While many clients come regularly to the gym for their workout, there are those that for a variety of reasons, never go to the gym at all. Even those that attend regularly often find they cut corners avoiding other exercise outside the gym. In fact, they may even circle a store parking lot several times trying to find the closest spot, rather than doing the extra walk. Whether you workout regularly or are completely sedentary, increasing how much you walk can be a huge benefit to your overall health.
You’ll improve your heart health when you walk.
It doesn’t seem like much exercise while walking, but it can make a big difference in your cardiovascular health. One study found that people who walked around at least five minutes every hour maintained all the benefits from working out compared to those that remained seated for longer than an hour. Adding walking to your program of exercise or even starting one with walking is simple and it costs nothing to do. It helps shed pounds and raises your good cholesterol.
Does the 10,000 steps a day method work?
You may have heard of the recommended 10,000 steps a day, but did you know there was research that backed it. An Australian study using 2500 subjects that were sedentary showed the group that added the activity of 10,000 steps a day increased their mortality by 40%. A second study showed that just increasing walking by 3,000 steps a day lowered the risk of dying by 12%. These studies spanned a minimum of 15 years. A third study showed that just 150 minutes of walking each week, lowered the risk of dying by 20% overall with the risk of dying of respiratory disease lowered by 30%, and dying of cancer lowered by 9%.

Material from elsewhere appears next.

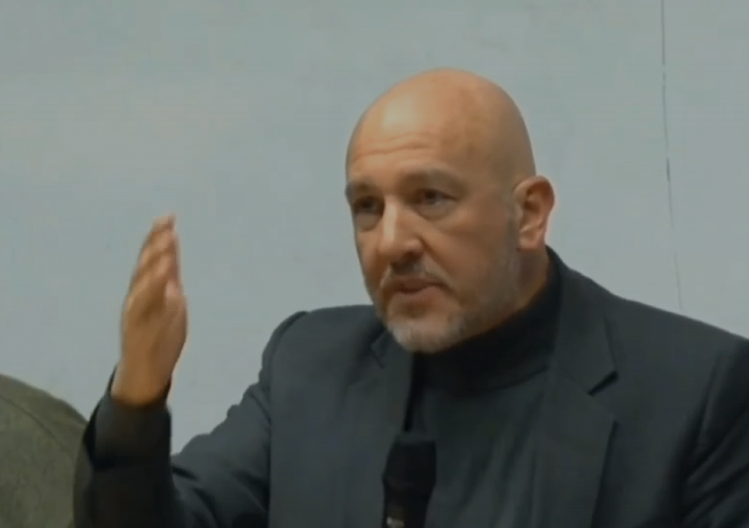 KO ZLOUPOTREBLJAVA SRPSKU DECU? Majić ih sada "uči o pravima", a oslobodio Albance koji su silovali, ubijali, pa komadali Srbe (VIDEO)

You don’t have to do your walking all at once, either.
Pedometers have become popular with people using them to register every step. It also encourages them to walk more, if for no other reason than to improve their personal best. While 30 minutes of walking every day is ideal, it doesn’t mean you have to do it 30 minutes straight. You can break it up into three 10-minute sessions at different times of the day. If you have a slightly longer time for lunch at work, walk to your favorite restaurant that’s ten minutes away, eat and walk back to work. That’s two ten minute sessions completed and just one left to go for the balance of 30-minutes.
- Alternating your walking speed from a brisk speed with a short period of recovery and back to a brisk pace can help you get into shape faster. It’s a form of interval training.
- Walking can be the perfect way for a sedentary person to start their workout program. It can be personalized by adjusting for speed, distance and amount of time spent. It can be done in shorter sessions as noted previously.
- Find ways to add more walking to your daily life. Besides parking further from the store, taking the stairs rather than the elevator, walking to lunch and getting up and walking for five minutes every hour is beneficial, too.
- If you’re uncomfortable working out in front of others, you can start a weight loss program with healthy eating and walking. As you start to see the pounds drop off and you feel more energetic, it’s time to go to the gym for a complete program of fitness.